For the first nine months of 2007, light oil and NGL revenue increased 32% from the same period last year due to an 8% increase in wellhead prices and a 22% increase in volume. Revenue from heavy oil decreased marginally as the increase in volume was offset by a decrease in wellhead prices. Revenue from natural gas decreased 15% compared to the first nine months of 2006 due to a 10% decrease in volume and a 6% decrease in wellhead prices.

Royalties. Total royalties increased to $28.7 million for the third quarter of 2007 from $24.4 million in 2006. Total royalties for the third quarter of 2007 were 17.5% of sales compared to 16.8% of sales for the same period in 2006. For the third quarter of 2007, royalties were 20.1% of sales for light oil, NGL and natural gas, and 15.5% for heavy oil. These rates compared to 14.1% and 18.2%, respectively, for the same period last year. Royalties are generally based on market index prices realized by the industry in the period, with rates increasing as price and volume escalate.

For the nine months ended September 30, 2007, royalties increased to $70.3 million from $66.5 million for the same period last year. Total royalties for the first nine months of 2007 were 16.7% of sales, compared to 15.8% of sales for the corresponding period a year ago. For the first nine months of 2007, royalties were 18.2% of sales for light oil, NGL and natural gas and 15.7% for heavy oil. These rates compared to 16.2% and 15.4%, respectively, for the same period in 2006.
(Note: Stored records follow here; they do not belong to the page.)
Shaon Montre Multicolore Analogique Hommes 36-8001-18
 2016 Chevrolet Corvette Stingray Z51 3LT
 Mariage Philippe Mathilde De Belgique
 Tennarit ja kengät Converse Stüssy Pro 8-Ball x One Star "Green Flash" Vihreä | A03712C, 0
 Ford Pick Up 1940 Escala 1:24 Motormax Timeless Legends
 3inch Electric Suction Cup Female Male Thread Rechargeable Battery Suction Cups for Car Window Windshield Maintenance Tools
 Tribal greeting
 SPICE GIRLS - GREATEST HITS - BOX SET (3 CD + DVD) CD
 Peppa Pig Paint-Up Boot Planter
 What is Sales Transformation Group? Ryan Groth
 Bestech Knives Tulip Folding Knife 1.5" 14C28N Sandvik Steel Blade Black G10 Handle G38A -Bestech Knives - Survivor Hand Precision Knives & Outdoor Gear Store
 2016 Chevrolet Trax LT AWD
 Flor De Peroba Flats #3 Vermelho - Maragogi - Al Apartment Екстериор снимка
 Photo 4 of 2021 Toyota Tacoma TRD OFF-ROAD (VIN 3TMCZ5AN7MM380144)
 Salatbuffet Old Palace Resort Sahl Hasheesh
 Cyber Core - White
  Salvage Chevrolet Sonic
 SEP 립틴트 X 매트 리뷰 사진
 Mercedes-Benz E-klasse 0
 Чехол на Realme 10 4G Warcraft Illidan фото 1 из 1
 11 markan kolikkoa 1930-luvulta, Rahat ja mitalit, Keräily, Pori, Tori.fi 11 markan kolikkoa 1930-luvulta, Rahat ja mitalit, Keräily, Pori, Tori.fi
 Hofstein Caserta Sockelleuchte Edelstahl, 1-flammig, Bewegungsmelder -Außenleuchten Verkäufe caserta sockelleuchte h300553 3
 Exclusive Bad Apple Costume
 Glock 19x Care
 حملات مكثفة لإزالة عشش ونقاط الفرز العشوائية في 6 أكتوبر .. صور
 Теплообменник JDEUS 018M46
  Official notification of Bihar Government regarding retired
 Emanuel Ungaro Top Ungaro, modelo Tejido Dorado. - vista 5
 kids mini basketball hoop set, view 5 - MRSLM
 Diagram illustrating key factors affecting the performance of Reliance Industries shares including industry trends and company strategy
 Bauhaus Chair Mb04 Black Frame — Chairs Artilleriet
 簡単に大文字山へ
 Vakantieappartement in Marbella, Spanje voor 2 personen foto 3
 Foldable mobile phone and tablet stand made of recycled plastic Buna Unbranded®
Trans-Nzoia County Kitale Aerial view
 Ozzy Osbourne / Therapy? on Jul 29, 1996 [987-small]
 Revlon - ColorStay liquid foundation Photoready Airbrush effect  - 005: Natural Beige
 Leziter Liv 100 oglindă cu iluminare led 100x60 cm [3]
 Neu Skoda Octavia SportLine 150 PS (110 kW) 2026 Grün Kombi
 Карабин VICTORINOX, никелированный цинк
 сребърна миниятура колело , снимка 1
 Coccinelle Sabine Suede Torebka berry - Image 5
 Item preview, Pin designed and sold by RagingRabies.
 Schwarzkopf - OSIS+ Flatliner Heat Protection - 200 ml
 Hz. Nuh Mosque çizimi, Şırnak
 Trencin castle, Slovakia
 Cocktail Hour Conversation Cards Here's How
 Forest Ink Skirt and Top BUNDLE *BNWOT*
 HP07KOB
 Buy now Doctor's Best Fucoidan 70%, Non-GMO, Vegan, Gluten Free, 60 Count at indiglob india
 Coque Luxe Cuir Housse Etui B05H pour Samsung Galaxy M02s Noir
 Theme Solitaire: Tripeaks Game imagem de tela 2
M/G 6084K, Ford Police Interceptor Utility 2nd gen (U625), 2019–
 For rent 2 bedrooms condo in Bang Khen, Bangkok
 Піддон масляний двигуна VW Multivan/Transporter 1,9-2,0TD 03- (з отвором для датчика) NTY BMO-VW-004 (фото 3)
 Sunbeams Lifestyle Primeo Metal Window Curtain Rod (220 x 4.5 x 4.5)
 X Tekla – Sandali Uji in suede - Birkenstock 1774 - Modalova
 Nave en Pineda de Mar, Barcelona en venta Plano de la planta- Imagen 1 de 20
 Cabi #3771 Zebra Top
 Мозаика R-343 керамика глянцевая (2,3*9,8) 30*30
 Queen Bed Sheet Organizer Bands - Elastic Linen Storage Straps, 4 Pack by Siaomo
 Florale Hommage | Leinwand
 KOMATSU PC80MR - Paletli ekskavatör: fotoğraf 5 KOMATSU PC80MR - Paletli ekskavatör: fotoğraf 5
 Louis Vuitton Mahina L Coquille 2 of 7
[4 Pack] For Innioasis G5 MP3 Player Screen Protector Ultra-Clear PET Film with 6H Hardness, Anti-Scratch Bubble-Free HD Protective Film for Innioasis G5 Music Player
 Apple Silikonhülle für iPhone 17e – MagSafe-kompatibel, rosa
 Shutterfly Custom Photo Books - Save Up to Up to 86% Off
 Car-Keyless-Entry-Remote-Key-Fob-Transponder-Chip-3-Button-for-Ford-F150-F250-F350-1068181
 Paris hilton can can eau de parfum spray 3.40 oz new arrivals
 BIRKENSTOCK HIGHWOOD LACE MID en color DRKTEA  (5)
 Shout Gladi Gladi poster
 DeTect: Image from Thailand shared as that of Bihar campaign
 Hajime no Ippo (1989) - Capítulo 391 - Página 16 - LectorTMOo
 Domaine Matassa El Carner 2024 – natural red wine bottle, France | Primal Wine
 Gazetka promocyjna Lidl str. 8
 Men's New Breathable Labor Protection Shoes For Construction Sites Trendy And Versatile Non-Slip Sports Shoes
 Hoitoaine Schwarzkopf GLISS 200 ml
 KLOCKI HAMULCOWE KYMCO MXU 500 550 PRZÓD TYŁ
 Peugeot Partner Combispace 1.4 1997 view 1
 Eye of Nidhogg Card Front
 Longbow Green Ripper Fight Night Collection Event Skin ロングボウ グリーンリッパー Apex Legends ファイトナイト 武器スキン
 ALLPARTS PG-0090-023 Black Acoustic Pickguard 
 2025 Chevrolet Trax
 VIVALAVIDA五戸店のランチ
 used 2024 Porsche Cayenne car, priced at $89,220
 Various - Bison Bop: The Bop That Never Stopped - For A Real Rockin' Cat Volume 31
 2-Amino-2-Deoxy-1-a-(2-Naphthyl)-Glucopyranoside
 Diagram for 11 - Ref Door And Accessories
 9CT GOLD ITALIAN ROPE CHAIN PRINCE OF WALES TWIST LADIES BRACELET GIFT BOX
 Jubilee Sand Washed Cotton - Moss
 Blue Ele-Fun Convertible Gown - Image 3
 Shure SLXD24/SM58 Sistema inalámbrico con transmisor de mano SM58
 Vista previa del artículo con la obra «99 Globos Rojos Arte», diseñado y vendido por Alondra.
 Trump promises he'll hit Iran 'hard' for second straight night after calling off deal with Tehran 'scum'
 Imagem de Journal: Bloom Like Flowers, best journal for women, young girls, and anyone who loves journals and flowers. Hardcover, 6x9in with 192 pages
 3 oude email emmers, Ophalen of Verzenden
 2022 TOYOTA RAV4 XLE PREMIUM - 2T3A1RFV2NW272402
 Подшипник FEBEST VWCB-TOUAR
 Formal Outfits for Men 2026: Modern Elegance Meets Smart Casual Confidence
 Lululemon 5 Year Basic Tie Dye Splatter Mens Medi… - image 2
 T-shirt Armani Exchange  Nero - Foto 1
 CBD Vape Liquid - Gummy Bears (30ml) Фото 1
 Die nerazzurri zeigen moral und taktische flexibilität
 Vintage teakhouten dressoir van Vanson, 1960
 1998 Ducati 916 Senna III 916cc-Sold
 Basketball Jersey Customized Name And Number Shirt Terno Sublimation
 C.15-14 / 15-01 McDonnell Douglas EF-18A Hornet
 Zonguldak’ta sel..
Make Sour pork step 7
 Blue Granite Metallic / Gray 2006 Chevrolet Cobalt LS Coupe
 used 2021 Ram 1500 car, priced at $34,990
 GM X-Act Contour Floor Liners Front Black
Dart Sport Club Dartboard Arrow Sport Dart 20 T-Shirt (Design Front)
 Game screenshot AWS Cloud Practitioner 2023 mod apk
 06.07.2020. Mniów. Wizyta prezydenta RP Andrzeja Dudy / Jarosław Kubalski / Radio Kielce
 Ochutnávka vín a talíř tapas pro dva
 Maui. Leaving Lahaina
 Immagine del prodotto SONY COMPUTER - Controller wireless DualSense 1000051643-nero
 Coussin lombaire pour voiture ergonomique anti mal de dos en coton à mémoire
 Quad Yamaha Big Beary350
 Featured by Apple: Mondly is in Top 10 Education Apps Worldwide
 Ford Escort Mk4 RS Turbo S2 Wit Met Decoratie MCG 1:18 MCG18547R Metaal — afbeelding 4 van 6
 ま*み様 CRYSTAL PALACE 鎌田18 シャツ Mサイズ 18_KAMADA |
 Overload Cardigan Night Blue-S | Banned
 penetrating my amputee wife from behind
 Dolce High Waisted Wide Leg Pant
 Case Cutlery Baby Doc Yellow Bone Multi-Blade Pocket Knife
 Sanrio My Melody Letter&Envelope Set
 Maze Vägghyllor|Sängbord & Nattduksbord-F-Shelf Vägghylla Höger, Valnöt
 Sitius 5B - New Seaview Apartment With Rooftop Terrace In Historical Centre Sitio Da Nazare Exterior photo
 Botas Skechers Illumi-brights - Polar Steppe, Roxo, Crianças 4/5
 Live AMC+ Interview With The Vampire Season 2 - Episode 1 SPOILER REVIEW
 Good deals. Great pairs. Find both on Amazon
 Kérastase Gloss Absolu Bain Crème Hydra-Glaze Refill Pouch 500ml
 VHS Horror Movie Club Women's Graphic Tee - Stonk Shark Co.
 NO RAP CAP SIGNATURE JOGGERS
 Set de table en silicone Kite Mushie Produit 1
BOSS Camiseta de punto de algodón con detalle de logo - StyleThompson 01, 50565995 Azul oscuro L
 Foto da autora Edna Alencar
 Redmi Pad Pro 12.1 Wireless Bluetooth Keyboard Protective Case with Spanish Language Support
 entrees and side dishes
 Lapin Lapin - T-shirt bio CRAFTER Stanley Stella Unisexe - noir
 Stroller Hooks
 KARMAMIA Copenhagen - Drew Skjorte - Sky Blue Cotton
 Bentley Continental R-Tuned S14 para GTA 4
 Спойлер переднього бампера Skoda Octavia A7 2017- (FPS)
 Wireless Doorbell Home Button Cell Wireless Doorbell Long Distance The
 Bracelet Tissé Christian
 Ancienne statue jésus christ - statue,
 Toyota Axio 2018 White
Operating Expenses. Operating expenses for the third quarter of 2007 increased to $37.8 million from $29.1 million in the corresponding quarter last year. Operating expenses were $10.84 per boe for the third quarter of 2007 compared to $9.30 per boe for the third quarter of 2006. For the third quarter of 2007, operating expenses were $10.09 per boe of light oil, NGL and natural gas, and $11.36 per barrel of heavy oil. The operating expenses for the same period a year ago were $9.37 and $9.27, respectively. The increase in operating costs for conventional oil and gas was, in part, due to the higher cost sour operations at Pembina. In general, the inflationary environment has not entirely subsided as certain cost categories such as property taxes, labour costs and fuel costs continued to increase. This is particularly prevalent in heavy oil operating areas as industry activity levels remain strong due to robust economics associated with the current heavy oil pricing environment.

Operating expenses for the first nine months of 2007 increased to $96.0 million from $82.6 million for the first nine months in 2006. Operating expenses were $10.03 per boe for the first nine months of 2007 compared to $8.85 per boe for the corresponding period of the prior year. For the first nine months of 2007, operating expenses were $9.57 per boe of light oil, NGL and natural gas and $10.30 per barrel of heavy oil compared to $8.40 and $9.14, respectively, for the same period a year earlier.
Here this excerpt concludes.